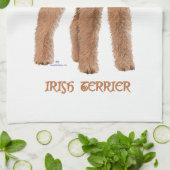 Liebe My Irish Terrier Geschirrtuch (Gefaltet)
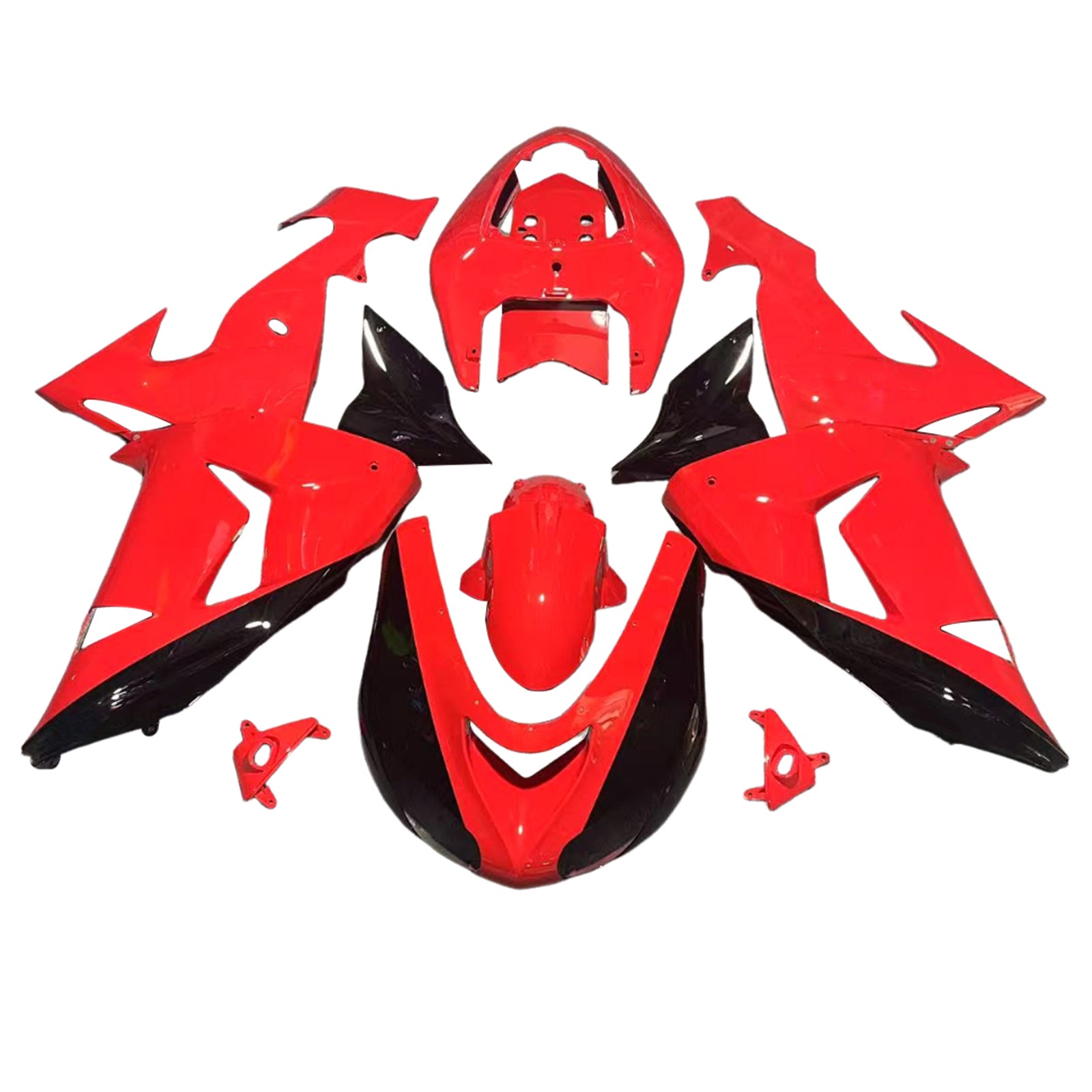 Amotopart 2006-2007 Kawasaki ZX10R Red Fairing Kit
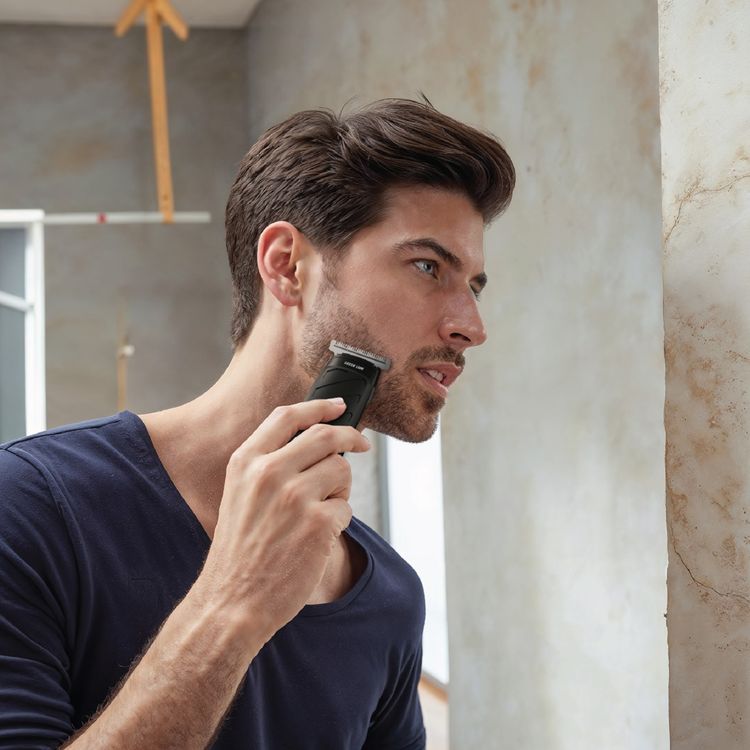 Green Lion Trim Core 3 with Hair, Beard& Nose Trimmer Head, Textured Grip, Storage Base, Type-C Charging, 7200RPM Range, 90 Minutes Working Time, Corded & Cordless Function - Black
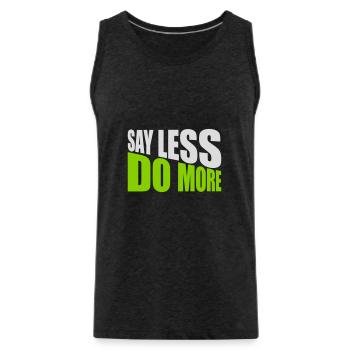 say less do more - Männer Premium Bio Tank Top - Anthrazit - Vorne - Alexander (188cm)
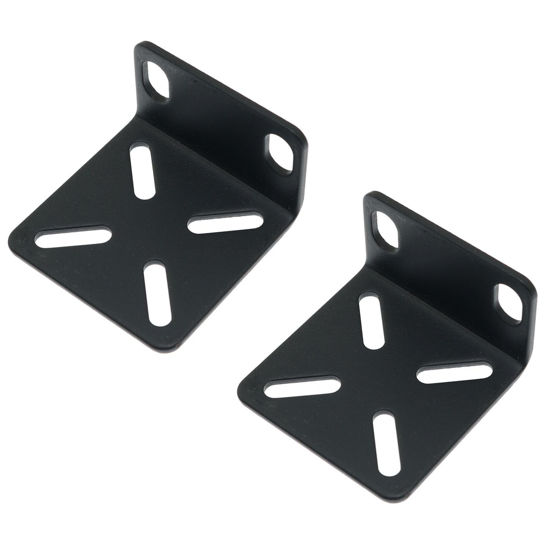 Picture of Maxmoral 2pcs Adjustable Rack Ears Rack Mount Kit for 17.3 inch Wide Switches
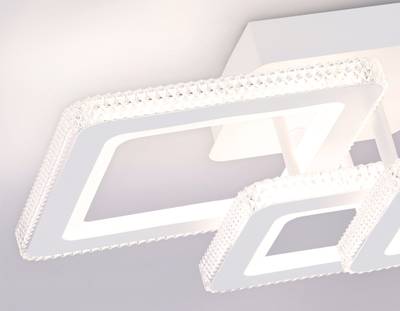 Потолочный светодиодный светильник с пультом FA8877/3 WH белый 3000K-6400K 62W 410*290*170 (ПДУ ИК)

——————

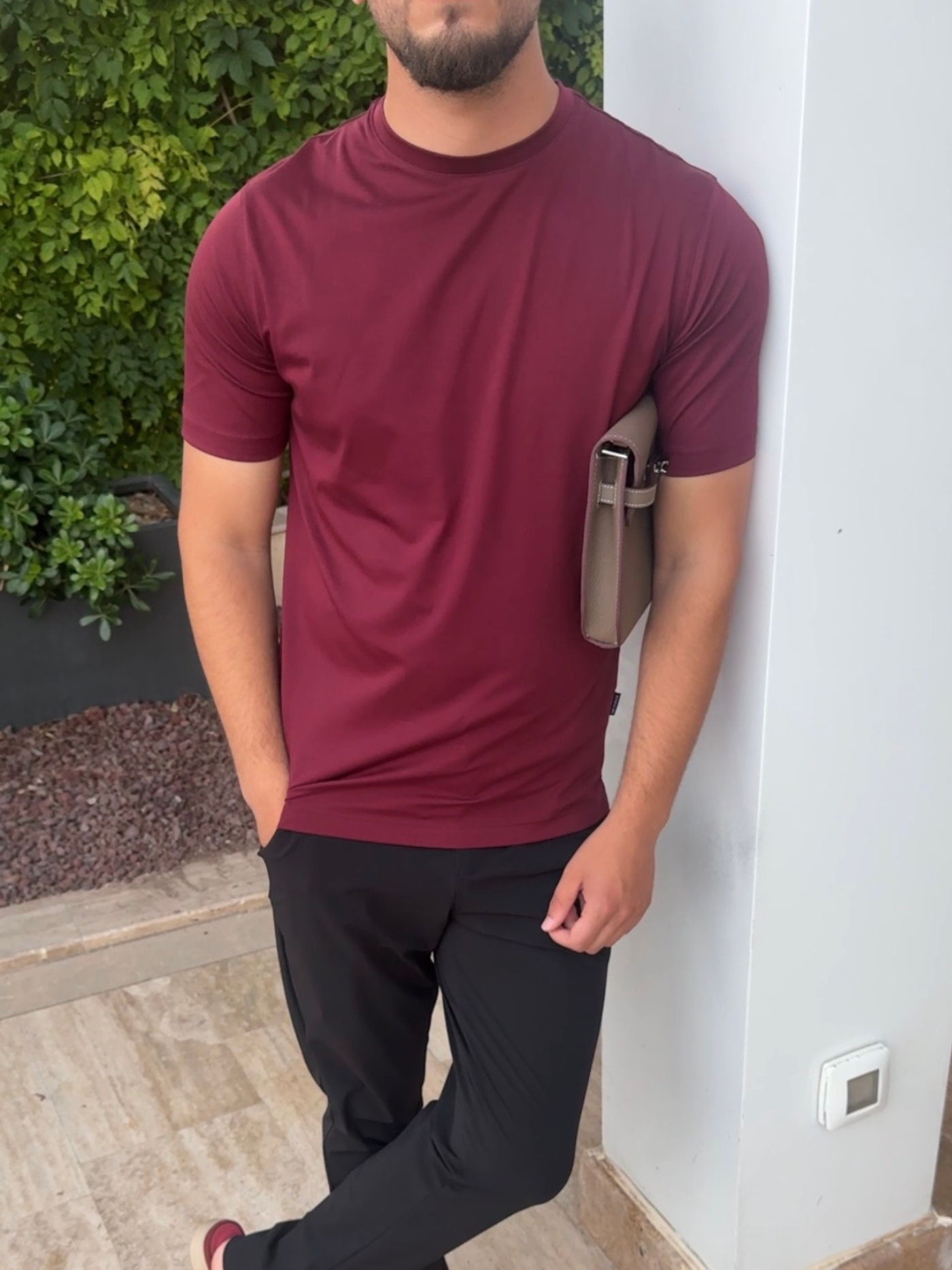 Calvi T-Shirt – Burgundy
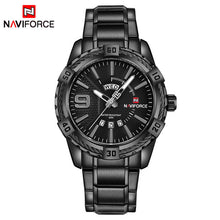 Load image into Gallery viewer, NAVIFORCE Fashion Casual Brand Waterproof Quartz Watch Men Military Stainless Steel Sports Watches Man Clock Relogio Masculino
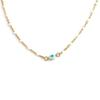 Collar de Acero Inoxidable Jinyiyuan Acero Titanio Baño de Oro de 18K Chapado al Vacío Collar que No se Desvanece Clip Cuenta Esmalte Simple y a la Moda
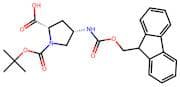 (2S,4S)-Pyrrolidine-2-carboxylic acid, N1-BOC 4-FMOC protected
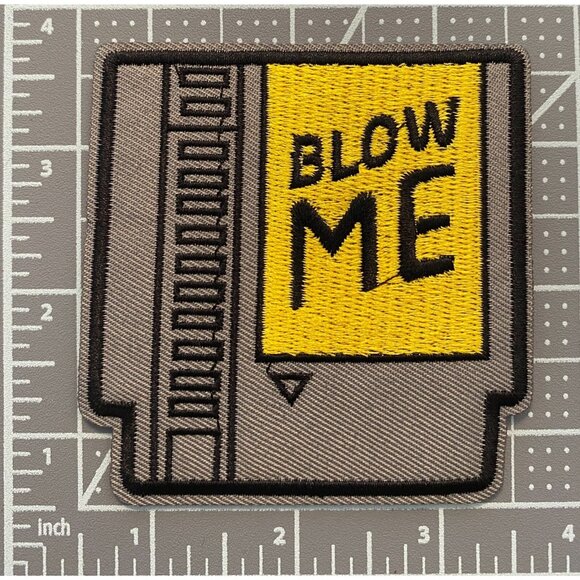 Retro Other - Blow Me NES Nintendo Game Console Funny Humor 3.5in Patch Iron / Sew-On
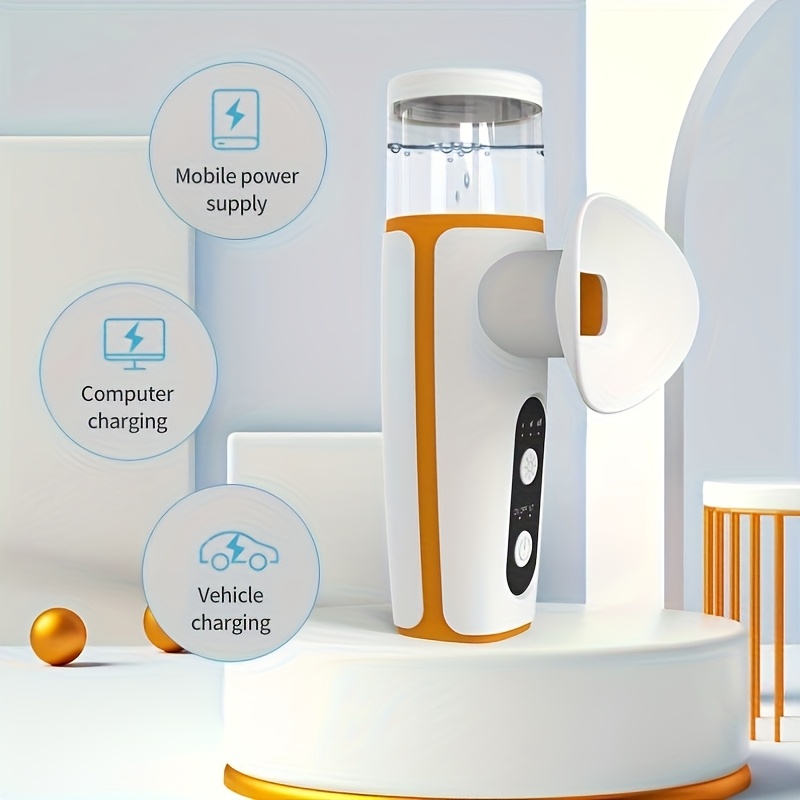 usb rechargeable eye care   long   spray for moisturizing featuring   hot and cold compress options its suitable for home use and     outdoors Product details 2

——————

* [Action item]: Reproduce, word for word, only the lines in the records above from the line with "Liebe My Irish" through the line with "Потолочный светодиодный светильник", including both ends; omit the pictures.

* [Written answer]:
 Liebe My Irish Terrier Geschirrtuch (Gefaltet)
 Amotopart 2006-2007 Kawasaki ZX10R Red Fairing Kit
 Green Lion Trim Core 3 with Hair, Beard& Nose Trimmer Head, Textured Grip, Storage Base, Type-C Charging, 7200RPM Range, 90 Minutes Working Time, Corded & Cordless Function - Black
 say less do more - Männer Premium Bio Tank Top - Anthrazit - Vorne - Alexander (188cm)
 Picture of Maxmoral 2pcs Adjustable Rack Ears Rack Mount Kit for 17.3 inch Wide Switches
 Потолочный светодиодный светильник с пультом FA8877/3 WH белый 3000K-6400K 62W 410*290*170 (ПДУ ИК)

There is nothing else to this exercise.